I'd show up with photos of the storm water drainage ditch at the back of my property that Metro, and their all too eager lap dogs down at LO City Hall, has slapped with the same "riparian habitat" classification as West Hayden Island. With the classification comes a 150 foot buffer of development restrictions (meaning restrictions on not only building, but anything else I might want to do in my backyard).

From Portland Audubon's webs site:

1) West Hayden Island is a critically important natural area:

- It contains 826-acres of intact habitat including 39 acres of wetlands and 4% of the remaining intact cottonwood bottomland habitat between rivermile 12 and rivermile 145.

- It is home to at least 81 species of birds, 9 mammal species, 4 amphibian species (including bald eagles, western painted turtles, and provides critical habitat for federally listed salmon.

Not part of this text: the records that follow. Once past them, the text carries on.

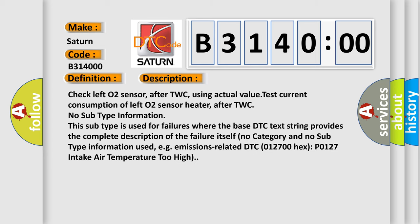Check Left O2 sensor after TWC using actual value test. Current consumption of Left O2 sensor heater after TWC. No subtype information. This subtype is used for failures where the base DTC text string provides the complete description of the failure itself. No category and no subtype information used, e.g. emissions related DTC 012700 hex P0127 intake air temperature too high.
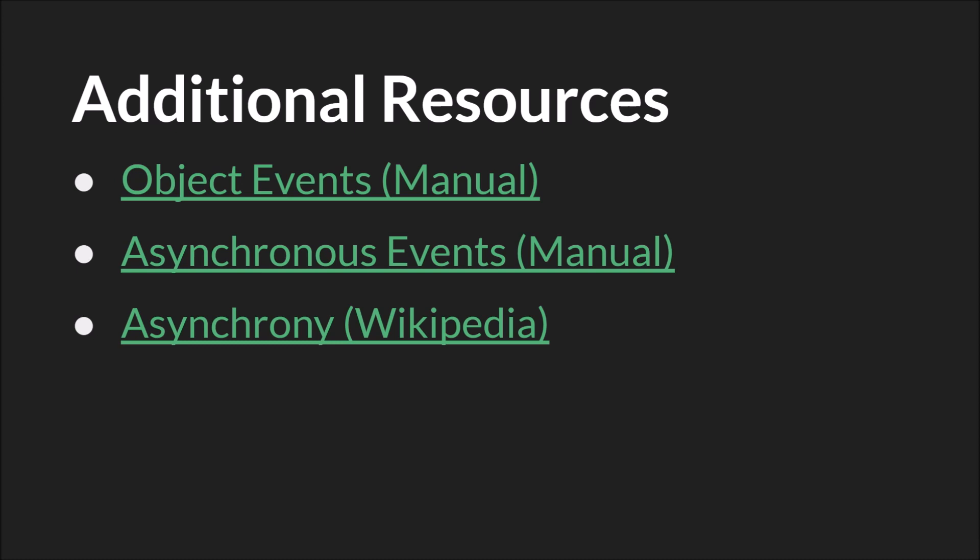As always, the links in the slide will be below, as will links to the slides themselves and the source code. And as I mentioned in this tutorial, the manual really has to be consulted here. I mean, you should always be consulting the manual, but with asynchronous events, there is information that you cannot know without reading the GameMaker Studio 2 manual.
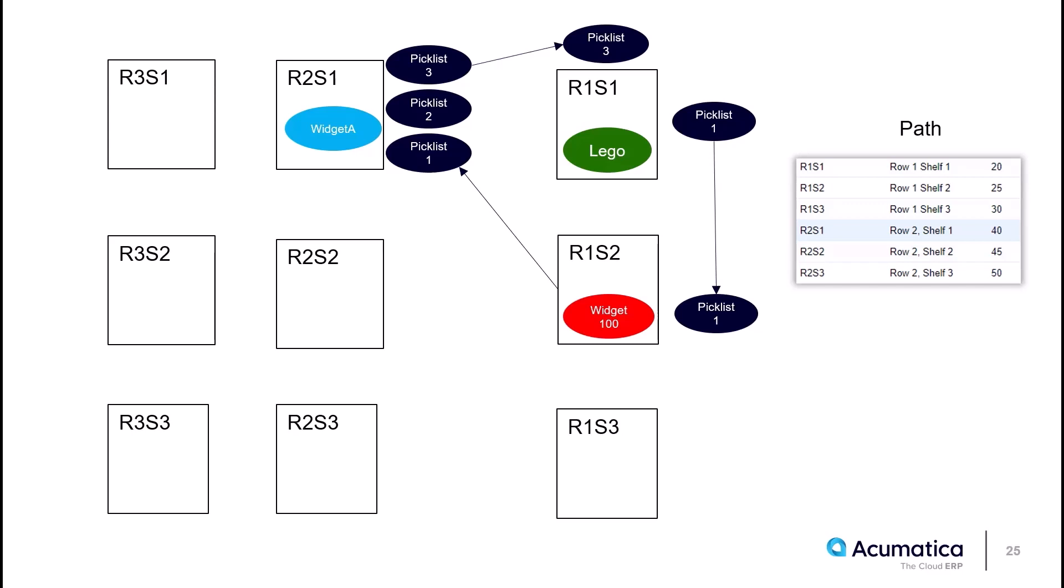Notice that it will guide me to start picking the Lego from R1 S1. The warehouse location's path number is 20. I have three items to pick on this pick list. So it'll send me to the next highest path number, which is in R1 S2, where I'll pick that widget 100 item in red. I'll then walk over to R2 S1, which has a path number of 40, the highest path number in my example.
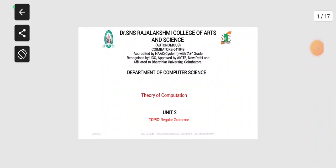Good morning to all present here. This is Saranya, Assistant Professor, Department of Computer Science from Dr. SNS Raj Lakshmi College of Arts and Science. Today we are going to see in the research series the topic regular grammar in theory of computation.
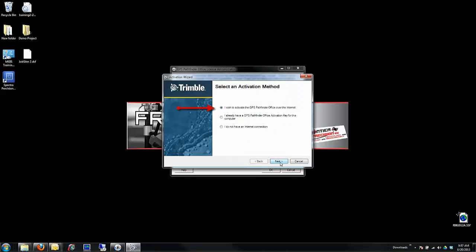Choose the 'I wish to activate GPS Pathfinder Office over the Internet' option, and click Next.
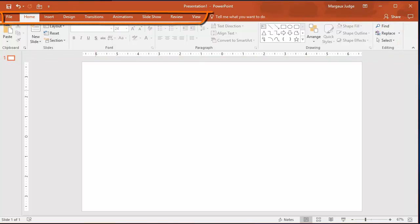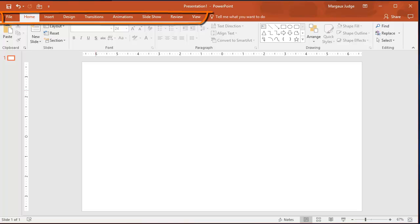The other tabs on the ribbon are the same across all three versions, with just a few minor differences in the commands they contain.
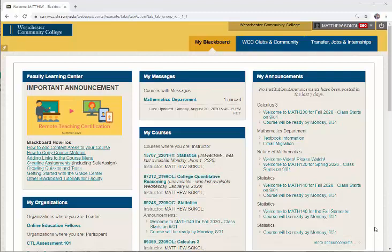Hi class, my name is Matthew Sokol and I want to welcome you to fall semester 2020 and to our course Math 140 Statistics. I'm going to be your instructor for the course and I'm looking forward to working with you all over the next 15 weeks. In this welcome video I want to show you how your course is going to be structured, how you can find everything, and answer a lot of frequently asked questions that you might have at the start of the class.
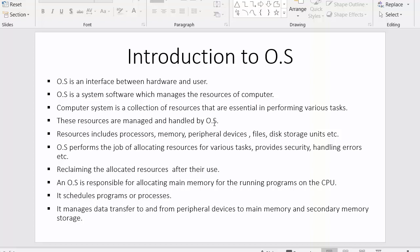We access these resources only with the help of the operating system. Resources include processors, memory, peripheral devices, files, and disk storage units. One of the responsibilities of the operating system is to allocate resources for various tasks. Since a computer performs various types of tasks at the same time, it is the responsibility of the operating system to allocate the space and required memory for these resources to get successfully executed inside the system. The operating system is also responsible for providing security and successfully handling errors.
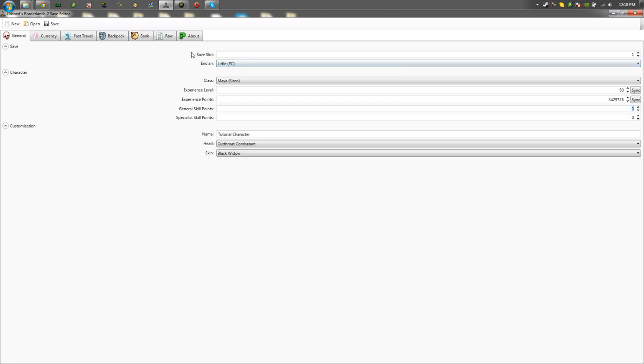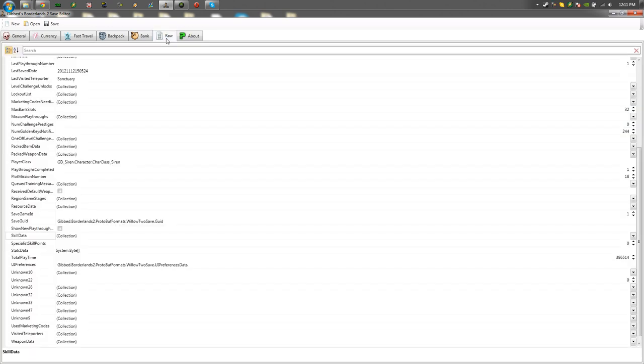If you just follow these simple steps you'll get it down right away. All you need to do is load your character in Gibbed's save editor, go down to the raw tab, and scroll down to where it says skill data.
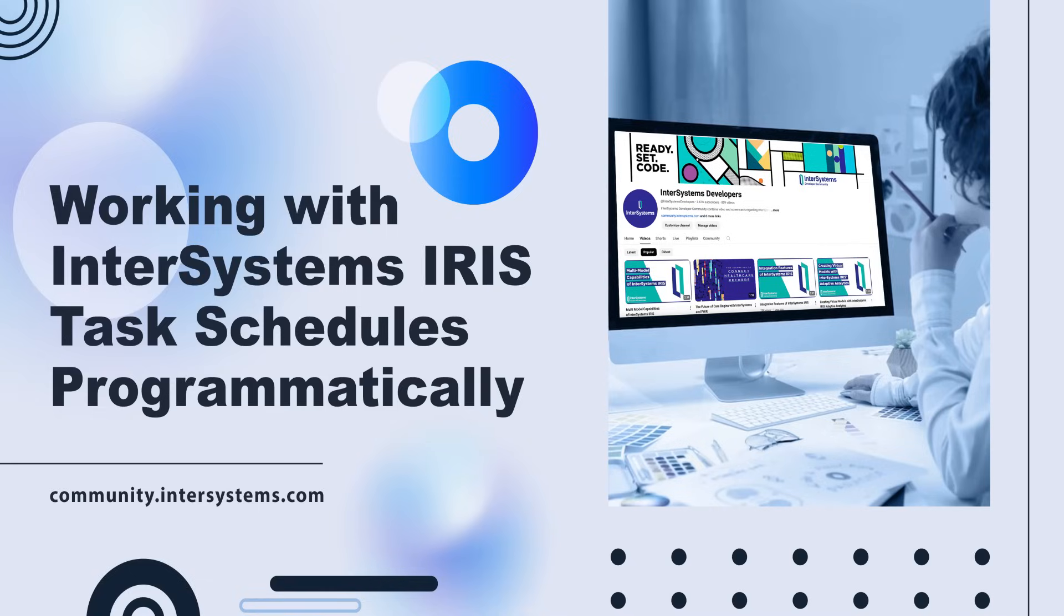Hi there, welcome to our InterSystems educational series. Today, we're diving into a practical guide on how to work with task schedules programmatically using InterSystems IRIS.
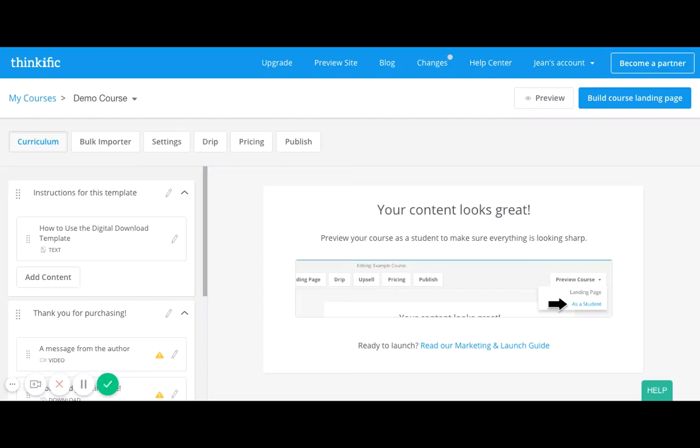Hi there, welcome to my video on how you can use Thinkific's templates to set up and begin the process of launching your online course. So today I want to start with something really simple and easy because I want to make this accessible for you, and I want to talk about the process of building a course.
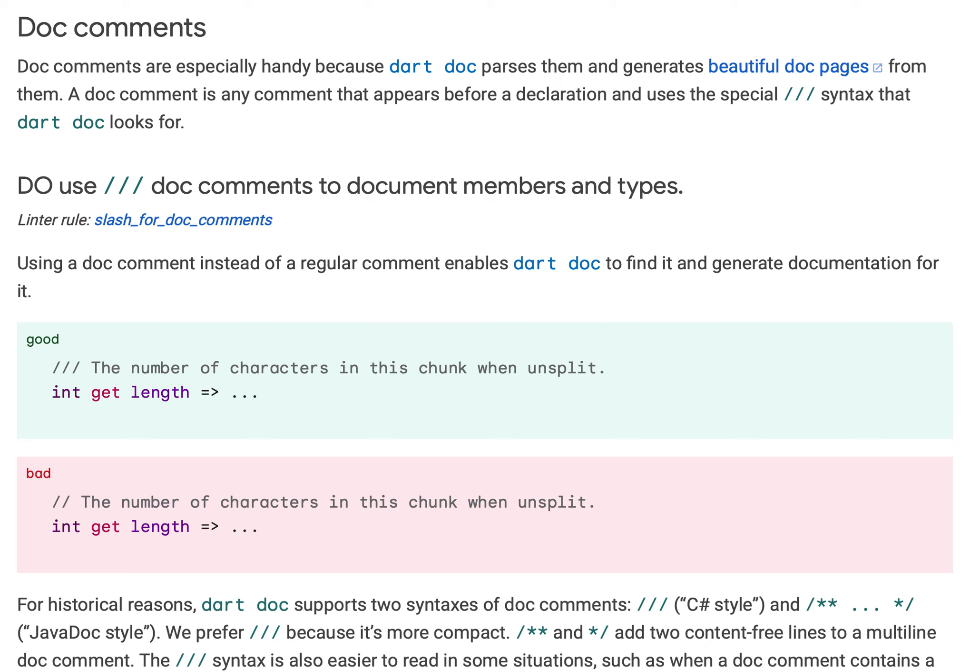Today we are learning another lecture in effective Dart which is related to doc comments. These doc comments are especially handy because dart doc, similar to doc commands in other languages like Java doc, automatically generates documentation.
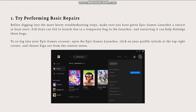If the problem persists, try re-logging into your Epic Games account. Sometimes Epic Games Launcher gets skeptical of your activity, especially if you are switching different networks a lot, and you may not be able to launch Fall Guys. To re-log, open the Epic Games Launcher, click on your profile initials at the top right corner, and choose sign out from the context menu. Then sign back in and check if the problem persists.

***It is designated as Class 1 riparian habitat and a "Habitat of Concern" under Metro's Title 13.

-Former US Fish and Wildlife Service State Supervisor Kemper McMaster has written the West Hayden Island is considered "an important conservation asset regardless of its location. Its presence on and otherwise highly urbanized landscape accentuates its importance."

This is just a small example of the out of control power that Metro wields.

Belo, the company that controls both the Dallas Morning News and our ABC affiliate, has a significant investment in property on which the hotel was built, so it's in both media venues' best interests to hide any problems with the hotel.

Belo = KGW, a.k.a. Portland's NBC affiliate, a.k.a. Newschannel 8, a.k.a. Channel 8, a.k.a. Tracy Barry and Joe Donlon, a.k.a. KING Broadcasting.